Angesichts der Vorgänge in Afghanistan wird der 20. Jahrestag der Anschläge von 9/11 ein besonders bitterer. (© imago images/ZUMA Wire)
Angesichts der Vorgänge in Afghanistan wird der 20. Jahrestag der Anschläge von 9/11 ein besonders bitterer. (© imago images/ZUMA Wire)

Während bald der 20. Jahrestag der Anschläge von 9/11 begangen wird, überrollen die Taliban große Teile Afghanistan – die Botschaft könnte deutlicher kaum sein.

Was wäre dieser Tage wohl der feuchte Traum nicht nur der Taliban, sondern aller, die mit Schadenfreude und Genugtuung das Debakel der USA und Europas in Afghanistan verfolgen? Ganz einfach: Am 11. September 2021, zwanzig Jahre nach 9/11, rücken die Gotteskrieger als Sieger in Kabul ein, zünden die amerikanische Botschaft an und verkünden im Regierungssitz des afghanischen Präsidenten, dass das Islamische Kalifat jetzt wieder die Kontrolle über das ganze Land innehabe – nach zwanzig Jahren des beharrlichen Kampfes und mit der Hilfe Allahs sind die Ungläubigen für immer vertrieben worden!

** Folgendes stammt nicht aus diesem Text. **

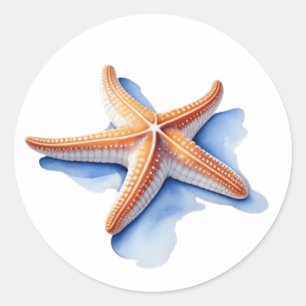 Starfish and Blue Silhouette Classic Round Sticker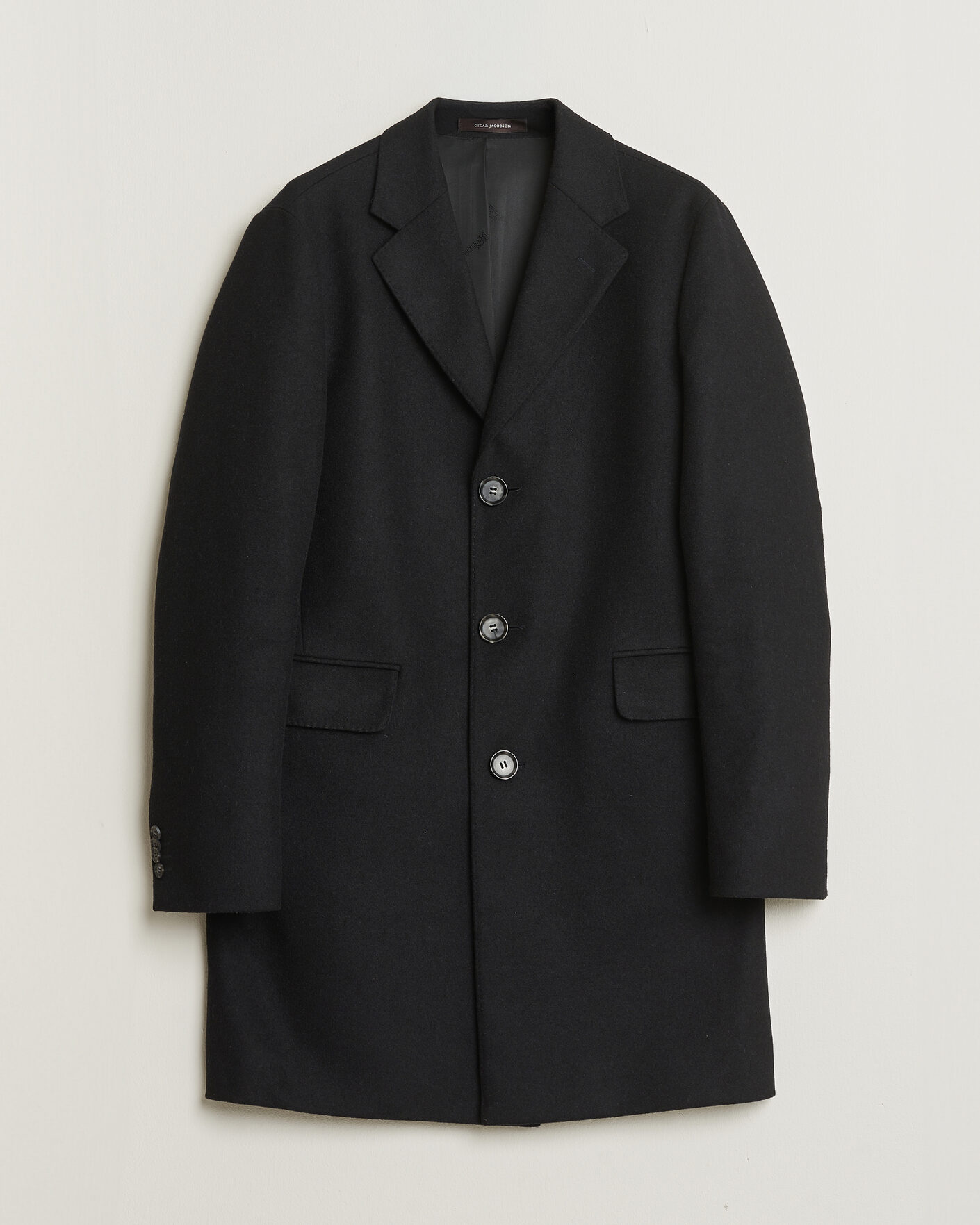 Heren | Pre-owned Jassen | Pre-owned | Oscar Jacobson Sonny Wool Coat Black 48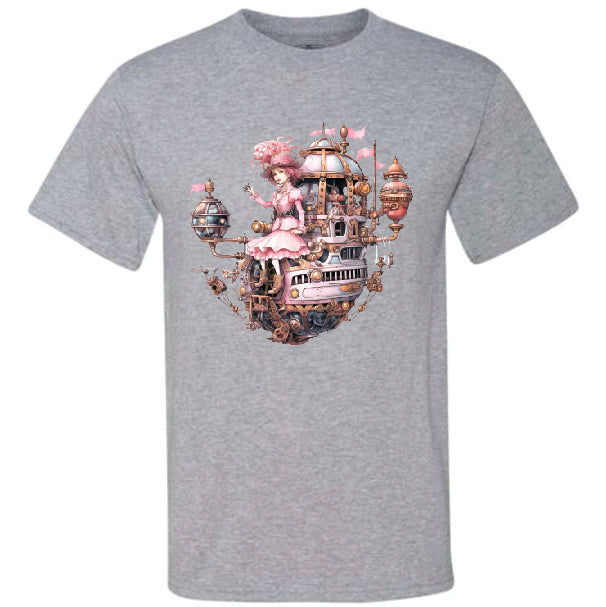 Pink Steampunk Girl Flying (CCS DTF Transfer Only)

Die nicht bloß klammheimliche Freude, die an vielen Orten angesichts dieser beschämenden Niederlage des Westens empfunden würde, ist nicht schwer vorzustellen. Mag man die Taliban auch in Teheran, Moskau oder Peking nicht besonders, für diese Show würden ihnen alle selbsterklärten Antiimperialisten weltweit auf ewig dankbar sein.

Afghanistan, 1991

Vielleicht lohnt sich die Erinnerung daran, dass 2021 nicht nur der Jahrestag von 9/11 ist, sondern dass auch zehn Jahre zuvor viel geschah. Damals fand nicht nur der Krieg um Kuwait statt, sondern Ende des Jahres 1991 wurde die Sowjetunion, schon damals nur noch ein Gespenst ihrer selbst, aufgelöst. Erinnert sich noch wer an Boris Jelzin, der im August den Panzern die Stirn bot? Zwei Jahre zuvor war der letzte Rotarmist aus Afghanistan abgezogen, im Westen herrschte Jubel über diese Niederlage Moskaus am Hindukusch, und die von den USA ausgerüsteten Mudschaheddin galten in der antikommunistischen Denkschablone als wahre Freiheitskämpfer.

Die Niederlage in Afghanistan war zwar nur eine der vielen Ursachen für den Zerfall der Sowjetunion, aber sicher eine der wichtigeren. Doch 1991 war auch das Jahr, in den Osama bin Laden mit seinen in Afghanistan gestählten Dschihadisten dem Westen den Krieg erklärte, weil ungläubige US-Soldaten von heiligem saudischem Boden aus einen Krieg gegen den Irak führten. Damals nahm niemand die al-Qaida so wirklich ernst, aber zehn Jahre später bewies die Terrorgruppe, wie ernst sie es meinte. Dschihadisten haben einen langen Atem und wissen sehr genau um die Schwächen westlicher Politik und westlicher Kriegsführung.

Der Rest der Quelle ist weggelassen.